(Working data Opens)

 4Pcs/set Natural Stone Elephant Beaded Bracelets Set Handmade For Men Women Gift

(Working data Closes)
(Working data Opens)

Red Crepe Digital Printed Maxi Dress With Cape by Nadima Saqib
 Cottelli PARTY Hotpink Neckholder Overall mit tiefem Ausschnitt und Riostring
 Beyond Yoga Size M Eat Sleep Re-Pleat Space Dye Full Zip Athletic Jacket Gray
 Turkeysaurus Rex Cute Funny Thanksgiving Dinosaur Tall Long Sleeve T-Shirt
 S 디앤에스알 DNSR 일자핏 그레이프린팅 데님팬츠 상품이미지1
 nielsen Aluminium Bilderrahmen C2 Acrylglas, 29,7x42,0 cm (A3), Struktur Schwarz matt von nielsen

(Working data Closes)

**Task brief**.
Everything from the line with "Beyond Yoga Size" through the line with "nielsen Aluminium Bilderrahmen" in the listing above must be retyped exactly, with nothing added.

**Answer for the task**.
 Beyond Yoga Size M Eat Sleep Re-Pleat Space Dye Full Zip Athletic Jacket Gray
 Turkeysaurus Rex Cute Funny Thanksgiving Dinosaur Tall Long Sleeve T-Shirt
 S 디앤에스알 DNSR 일자핏 그레이프린팅 데님팬츠 상품이미지1
 nielsen Aluminium Bilderrahmen C2 Acrylglas, 29,7x42,0 cm (A3), Struktur Schwarz matt von nielsen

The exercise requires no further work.